Work to be completed
Every line of the material is to be returned verbatim. Pictures stay out.

Collected material
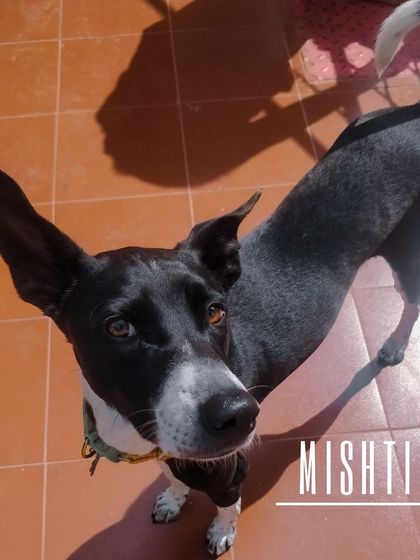 Aditi - In-Home Pet Sitting Meet the Whole Gang photo 38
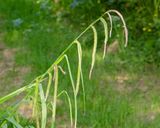 Pendulous Sedge - Carex pendula 25-05-23.jpg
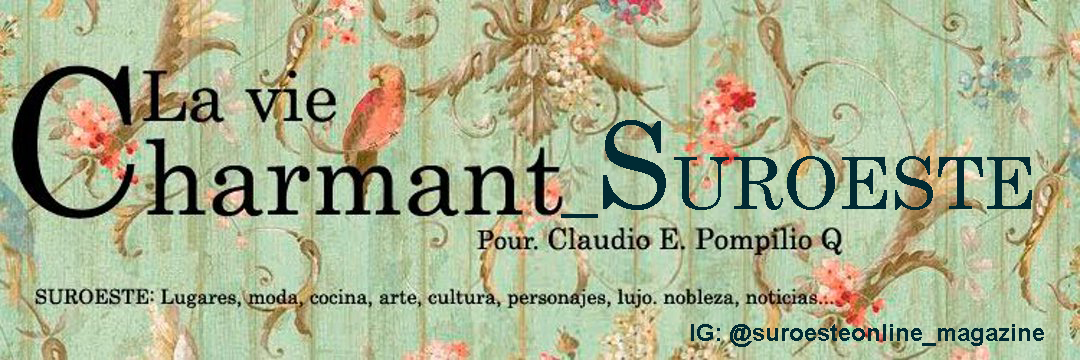 SUROESTE_ International magazine banner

Answer to this exercise
 Aditi - In-Home Pet Sitting Meet the Whole Gang photo 38
 Pendulous Sedge - Carex pendula 25-05-23.jpg
 SUROESTE_ International magazine banner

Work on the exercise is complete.